Secara teknis, pendekatan bayânî dalam pemikiran Islam tercermin dalam kajian-kajian seperti ushul fiqh, tafsir, hadis, ilmu Al-Qur’an, ilmu hadis, nahwu, sharaf, balaghah, dan kaidah-kaidah fiqh. Epistemologi bayânî digunakan oleh para ahli fiqh dan teologi untuk memahami dan menganalisis teks-teks keagamaan guna menemukan makna yang terkandung dalam lafaz serta untuk istinbâth hukum dari Al-Qur’an dan hadis.
Metode bayânî merupakan penggabungan antara metode fiqh yang dikembangkan oleh Imam Al-Syafi`i dan metode retorika Al-Jahiz, yang sangat dominan dalam tradisi fikih dan kalam. Namun, menurut Amin Abdullah, sebagaimana dijelaskan oleh Wira Hadi Kusuma, metode ini memiliki kelemahan dalam kajian Islamic Studies, terutama ketika dihadapkan dengan penganut agama yang berbeda dan kultur sosial yang beragam.

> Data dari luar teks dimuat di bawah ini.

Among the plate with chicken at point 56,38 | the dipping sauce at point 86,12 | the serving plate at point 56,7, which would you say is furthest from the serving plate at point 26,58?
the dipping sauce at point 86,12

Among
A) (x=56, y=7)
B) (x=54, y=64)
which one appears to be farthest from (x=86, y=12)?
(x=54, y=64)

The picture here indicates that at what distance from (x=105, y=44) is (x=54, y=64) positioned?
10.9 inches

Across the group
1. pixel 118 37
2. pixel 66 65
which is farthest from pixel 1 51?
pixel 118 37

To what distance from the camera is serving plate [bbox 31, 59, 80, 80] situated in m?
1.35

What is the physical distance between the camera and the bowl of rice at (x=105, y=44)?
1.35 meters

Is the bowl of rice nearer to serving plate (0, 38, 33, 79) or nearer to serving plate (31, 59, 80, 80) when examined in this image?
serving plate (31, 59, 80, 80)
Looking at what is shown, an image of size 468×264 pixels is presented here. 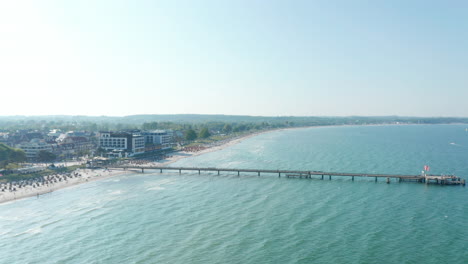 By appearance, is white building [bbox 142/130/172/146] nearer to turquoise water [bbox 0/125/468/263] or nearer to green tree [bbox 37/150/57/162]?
green tree [bbox 37/150/57/162]

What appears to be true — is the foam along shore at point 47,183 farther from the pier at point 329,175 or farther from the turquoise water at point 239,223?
the pier at point 329,175

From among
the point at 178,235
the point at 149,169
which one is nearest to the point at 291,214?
the point at 178,235

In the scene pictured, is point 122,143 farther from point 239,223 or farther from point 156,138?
point 239,223

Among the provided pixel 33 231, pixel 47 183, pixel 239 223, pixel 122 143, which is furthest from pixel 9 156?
pixel 239 223

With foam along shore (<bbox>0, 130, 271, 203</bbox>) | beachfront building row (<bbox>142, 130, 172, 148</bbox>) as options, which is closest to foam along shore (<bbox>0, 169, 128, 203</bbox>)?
foam along shore (<bbox>0, 130, 271, 203</bbox>)

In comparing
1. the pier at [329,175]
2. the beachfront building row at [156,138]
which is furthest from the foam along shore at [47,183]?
the beachfront building row at [156,138]

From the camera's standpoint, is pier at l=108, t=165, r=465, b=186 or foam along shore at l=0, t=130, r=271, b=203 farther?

Baca juga, Menjadikan Masjid sebagai Episentrum Dakwah
Epistemologi burhânî secara leksikal berarti argumen yang jelas dan tegas. Dalam terminologi ilmu mantik, kata ini menunjukkan proses penalaran untuk menentukan kebenaran antar proposisi melalui deduksi. Berbeda dengan bayânî dan irfānî yang masih terkait dengan kesucian, metode burhânî mengandalkan kekuatan akal rasional yang dilakukan melalui dalil-dalil logika. Dalam tradisi filsafat Yunani, pemikiran ini dikembangkan oleh Aristoteles yang menggunakan logika mantik untuk membahas persoalan alam, manusia, dan Tuhan. Filsafat kontemporer juga memandang alam, Tuhan, dan manusia lebih dari sudut pandang metafisik, berbeda dengan pendekatan bayânî dan irfānî.
Secara praktis, ketiga pendekatan epistemologi ini diterapkan dalam ijtihad keagamaan oleh Majelis Tarjih dan Tajdid Muhammadiyah. Pendekatan bayânî (tekstual-normatif) menempatkan teks-teks agama sebagai rujukan utama dalam studi filosofis. Dalam pendekatan ini, ushul fiqh dan teknik-teknik ijtihad menjadi unsur utama dalam menggali hukum. Pendekatan burhânî (kontekstual-argumentatif) mengedepankan penggunaan indera dan logika untuk memahami teks agama, dengan bantuan ilmu-ilmu sosial untuk melengkapi pemahaman. Pendekatan irfānî (spiritual-intuitif) menekankan kejernihan jiwa yang diperoleh melalui mujahadah masyruah, yang menyimpulkan bahwa keilmuan tidak hanya bersandar pada logika, tetapi juga pada kedalaman rasa agama.
Ketiga pendekatan ini saling melengkapi dan memberikan landasan yang kuat dalam ijtihad keagamaan yang dilakukan oleh Majelis Tarjih dan Tajdid Muhammadiyah, sesuai dengan perkembangan zaman dan kebutuhan umat.